Another potential benefit of using a Ladybird Deed in Medicaid planning is that it may help protect the property from estate recovery. After a Medicaid recipient passes away, Medicaid may seek reimbursement for the costs of care from their estate. Texas implements this program thru its MERP process. By using a Ladybird Deed, the property may pass directly to the named beneficiaries outside of the probate process, potentially avoiding estate recovery claims.
Tax Consequences of Ladybird Deeds
The Ladybird Deed does not have any Federal income tax implications for the owner. The beneficiary, if they inherit the property, may get a stepped-up tax basis in the property. This can allow the beneficiary to sell the property without incurring income taxes on the sale.
The deeds also do not trigger Federal gift taxes. They are not completed gifts for gift tax purposes. The property does remain in the decedent’s taxable estate for estate tax purposes. So they can trigger estate taxes if the estate collectively is large enough to trigger estate taxes.
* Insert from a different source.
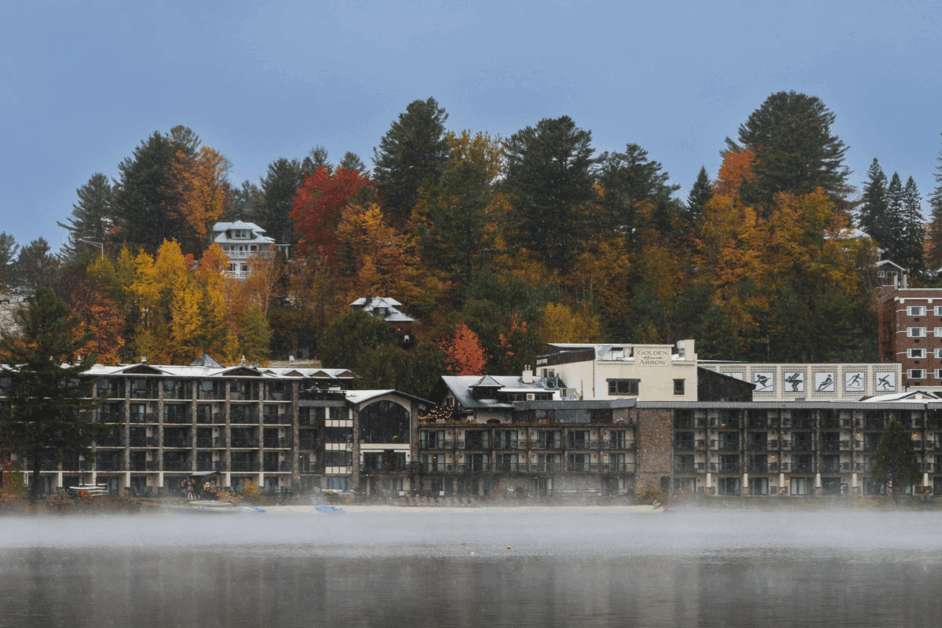 Mirror lake during a weekend in Lake Placid. 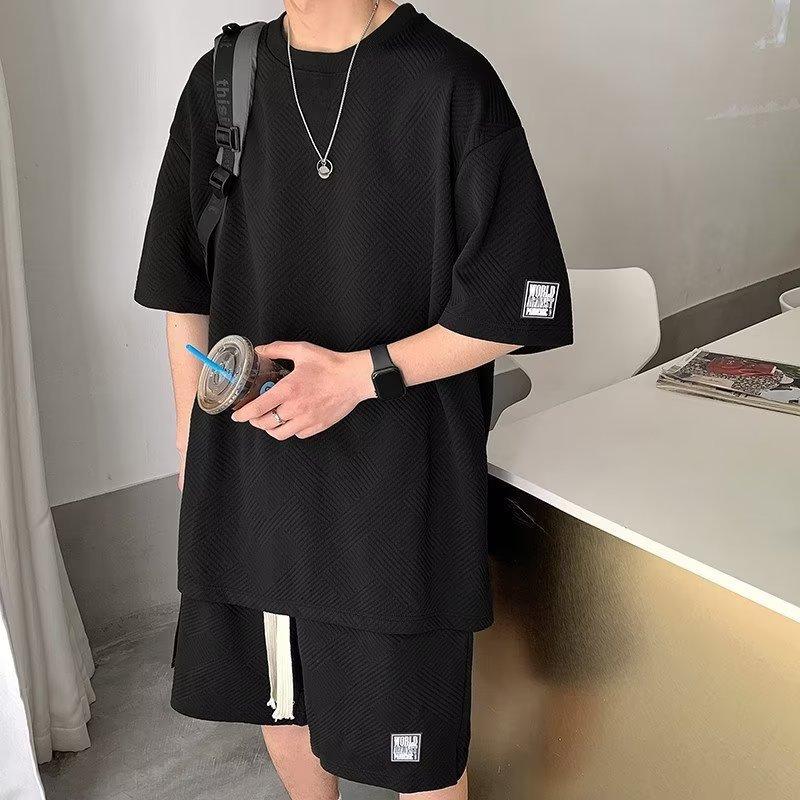 

Men s Set Plus Size Set Casual Sports Suit Short Sleeve + Shorts 2 Piece Set M чорний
They do not void Texas homestead tax exemption for the same reason. The property is still in the decedent’s name during their lifetime.
Watch Out for Joint Ladybird Deeds
Another consideration with these deeds involves situations where the property is owned by spouses. The joint-ladybird deed can still be revocable by both spouses, but upon the death of the first spouse, the deed may not be fully revoked by the survivor. This can be fixed by including language in the ladybird deed, but absent this type of planning, there may be unintended consequences. This is why ladybird deeds require careful planning, as they can appear to be very simple, but the interplay of the estate distribution rules and wills can result in unintended consequences.
Ladybird Deeds are not valid in many states. The appeals court in this case confirms that Ladybird Deeds are valid in Texas. They can be a great tool for avoiding Medicaid and other claims while not triggering adverse tax consequences.